Japanese Prime Minister Shinzo Abe’s decision to call a sudden election has paid off with his ruling coalition winning more than two-thirds of Parliament’s 465 seats. This victory puts him on course to be the longest ever serving prime minister in post-war Japan.
Abe’s Liberal Democratic Party-led (LDP) coalition won a combined 312 seats, keeping its two-thirds supermajority in the 465 members lower house.
A strong win raises the likelihood that Abe, who took office in December 2012, will secure a third three-year term as LDP leader next September and go on to become Japan’s longest-serving premier. It also means his “Abenomics” growth strategy centred on the hyper-easy monetary policy will likely continue.
The US-drafted constitution’s Article 9, if taken literally, bans the maintenance of armed forces. But Japanese governments have interpreted it to allow a military exclusively for self-defence. It is thought that it would codify the status quo. According to his critics, it would allow an expanded role overseas for the military.

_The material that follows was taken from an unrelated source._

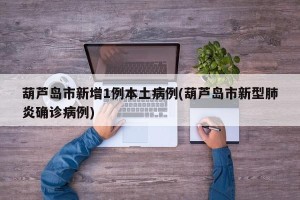 葫芦岛市新增1例本土病例(葫芦岛市新型肺炎确诊病例)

Abe also mentioned in his campaigning speech that rather sticking to his plans for 2020, he would encourage and deepen debate and would like to include as many people as possible to inculcate citizens status over the plans. It has been found out that the LDP’s junior partner, the Kometio, is cautious about changing the Constitution drawn up by after Japan’s defeat in the II World War. Japan may be able to meet a target for nuclear energy to provide about one-fifth of the country’s electricity by 2030 as public acceptance may be improving and Abe soon restores public’s confidence and acceptance for the same.
The Constitution will be the most important political issue and pro-constitutional change parties occupy more than two-thirds of the parliament as amendments must be approved by two-thirds of each chamber of Parliament and then by a majority in a public referendum. Such referendums are tricky.
Abe has declared that he needed a new mandate to tackle a national crisis from North Korea’s missile and nuclear threats and a fast-ageing population and to approve his idea of diverting revenue from a planned sales tax hike to education and child care from public debt repayment.
India’s response –
Prime Minister Narendra Modi congratulated his Japanese counterpart Shinzo Abe on his re-election and mentioned that he would look further to strengthen the relations between the two countries. Modi and Abe share a great relationship and have met several times over the last three years.